HighlightsPIRS vs Belizean citizens

July 17, 2013

The Personal Identification Registration System (PIRS) is a system of immigration and national security control established to control the entry of persons into a country. It is often accompanied by presenting travel documents such as passport, and of late, by finger printing, photographing and scanning the immigrant at the border or port of entry. A key factor to the control is to welcome legal and desirable travelling non-nationals and to keep out or apprehend illegal and undesirable non-nationals, such as criminals and fugitives.

So far so good, as presented by Deputy Chief of Mission of the US Embassy, Margaret Hawthorne, International Organization for Migration, Delbert Field and the Minister of Immigration, Godwin Hulse.

However, the issue must be different and distinct when it comes to citizens of Belize coming back home.

I don’t know how the Ministry of Immigration understands PIRS, but last week, Thursday, July 11th upon the return of Belizeans on the 3:00 p.m. United Airline Flight at the Philip Goldson International Airport, the Ministry of Migration subjected those Belizeans to an embarrassingly humiliating treatment that they did not deserve.

Admittedly, there are many complex factors contained in and related to immigration laws and regulations, but my concern in this article is not how freely nationals of other countries leave and return to their own countries, but how Belizeans are treated by their own government when they leave and return to Belize. When Belizeans travel out or back to Belize, they do so not as non- nationals or non-citizens, but as Belizean nationals and citizens with all the rights, privileges and protection of citizenship. They simply are not non-national travellers and cannot be treated as non-nationals, who could be criminals and fugitives or could be suspected to be criminals or fugitives.

The Government should assert that without a doubt, Belizeans, as a people, are not criminals or fugitives. The Government should not flinch from the fact that, most certainly, Belizeans are respectable and upright citizens and members of the society endowed with all the rights, privileges, benefits and protection of our nation. And this holds firmer still for those naturally born in this country.

The Government therefore cannot subject its citizens to indignities, suspicions, scrutiny, scanning, fingerprinting and photographing when they return home to their country with a valid Belizean national passport or other travel document issued by that same Government of the nation of their birth and citizenship.

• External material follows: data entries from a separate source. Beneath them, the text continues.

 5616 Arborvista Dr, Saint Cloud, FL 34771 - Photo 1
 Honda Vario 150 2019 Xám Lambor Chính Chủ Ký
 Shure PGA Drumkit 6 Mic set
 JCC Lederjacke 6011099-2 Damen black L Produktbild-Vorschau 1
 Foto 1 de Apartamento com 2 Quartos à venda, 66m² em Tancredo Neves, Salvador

Nonetheless, that was exactly what the Immigration at the airport did. The valid Belizean passport they held was no longer enough as a travelling document to enter their country. They were no longer the respectable and upright citizens they presume themselves to be, but instead were subjected to test to prove that they were not criminals or fugitives.

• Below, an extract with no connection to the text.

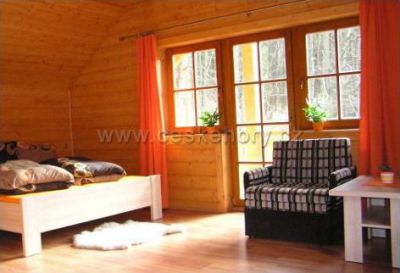 Apartmány Jánky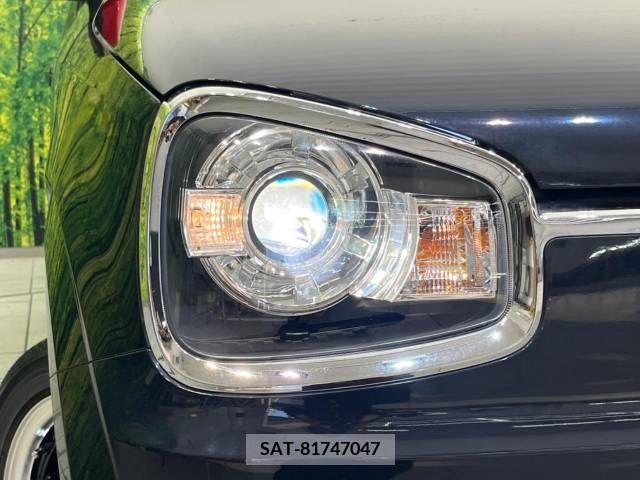 Suzuki ALTO 2015-05 259521-12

Otherwise, they were not admitted into their home country. What would have been done to them if they refused the tests, only heaven knows. When they had been happy to land home, the Immigration of their country led the march to refuse them entry as the citizens they are.

That cannot be tolerated. If our Government and Immigration cannot devise a way to differentiate its respectable nationals and citizens from criminals and fugitives and not treat them in the same manner, the Government and Immigration need to show the thought process that went into the planning and implementation of the PIRS, or admit that the best and most efficient tools collapse in incompetent hands and mismanagement.

That Belizeans will travel out of Belize and come back home as freely as they choose is not the issue. The issue is that their Government does not treat them like criminals and fugitives when they return home, but instead, vigorously secure and protect their dignity and right to travel.